On Fri, Jun 06, 2025 at 03:51:34PM +0200, Vincent Guittot wrote:
> On Wed, 16 Apr 2025 at 05:51, Tim Chen <tim.c.chen@xxxxxxxxxxxxxxx> wrote:
> >
> > At load balance time, balance of last level cache domains and
> > above needs to be serialized. The scheduler checks the atomic var
> > sched_balance_running first and then see if time is due for a load
> > balance. This is an expensive operation as multiple CPUs can attempt
> > sched_balance_running acquisition at the same time.
> >
> > On a 2 socket Granite Rapid systems enabling sub-numa cluster and
> > running OLTP workloads, 7.6% of cpu cycles are spent on cmpxchg of
> > sched_balance_running. Most of the time, a balance attempt is aborted
> > immediately after acquiring sched_balance_running as load balance time
> > is not due.
> >
> > Instead, check balance due time first before acquiring
> > sched_balance_running. This skips many useless acquisitions
> > of sched_balance_running and knocks the 7.6% CPU overhead on
> > sched_balance_domain() down to 0.05%. Throughput of the OLTP workload
> > improved by 11%.
> >
> > Signed-off-by: Tim Chen <tim.c.chen@xxxxxxxxxxxxxxx>
> > Reported-by: Mohini Narkhede <mohini.narkhede@xxxxxxxxx>
> > Tested-by: Mohini Narkhede <mohini.narkhede@xxxxxxxxx>
>
> Reviewed-by: Vincent Guittot <vincent.guittot@xxxxxxxxxx>
>

Reviewed-by: Mel Gorman <mgorman@xxxxxxxxxxxxxxxxxxx>

I've been missing for a while and even now on reduced workload so I'm
only looking at this patch now. It was never merged, but why? It looks
like a no-brainer to avoid an atomic operation with minimal effort even
if it only applies to balancing across NUMA domains.
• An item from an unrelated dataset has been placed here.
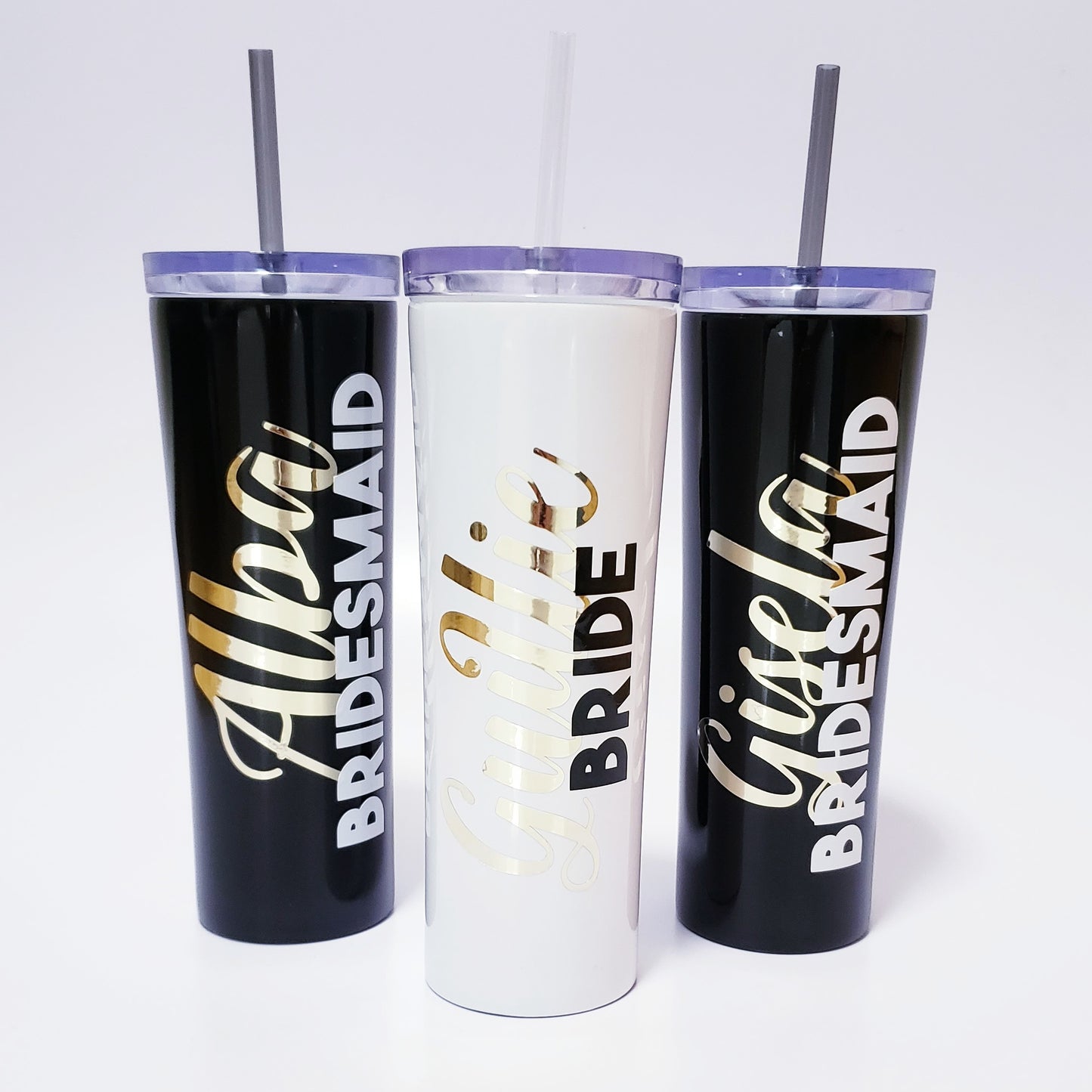 Termo skinny 20oz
Performance looks better for a small number of workloads on multi-socket
machines including some Zen variants. Most results were neutral which is
not very surprising given the path affected. I made no effort to determine
how hot this particular path is for any of the tested workloads but nothing
obviously superceded this patch or made it irrelevant.

--
Mel Gorman
SUSE Labs